→ Records for this exercise
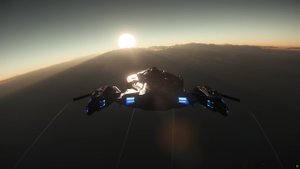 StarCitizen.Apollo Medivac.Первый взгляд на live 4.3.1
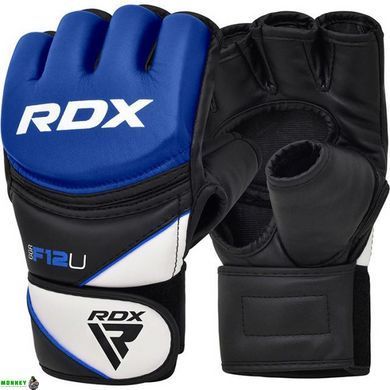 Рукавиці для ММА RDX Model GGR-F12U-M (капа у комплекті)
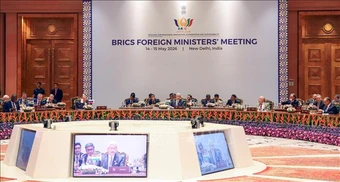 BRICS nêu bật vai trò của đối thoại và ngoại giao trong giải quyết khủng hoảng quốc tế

---

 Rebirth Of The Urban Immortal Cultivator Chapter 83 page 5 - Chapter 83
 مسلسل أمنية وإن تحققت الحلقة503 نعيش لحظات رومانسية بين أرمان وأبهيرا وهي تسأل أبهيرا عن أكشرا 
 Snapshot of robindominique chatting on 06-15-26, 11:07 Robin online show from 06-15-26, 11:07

* * *

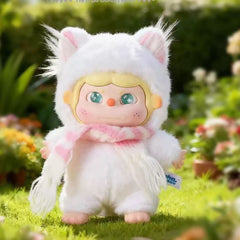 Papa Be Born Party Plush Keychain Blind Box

→ Your instructions
Please repeat the lines of the material above exactly, starting with the line that contains "StarCitizen.Apollo Medivac.Первый взгляд" and ending with the line that contains "BRICS nêu bật". Leave the pictures out.

→ Written answer
 StarCitizen.Apollo Medivac.Первый взгляд на live 4.3.1
 Рукавиці для ММА RDX Model GGR-F12U-M (капа у комплекті)
 BRICS nêu bật vai trò của đối thoại và ngoại giao trong giải quyết khủng hoảng quốc tế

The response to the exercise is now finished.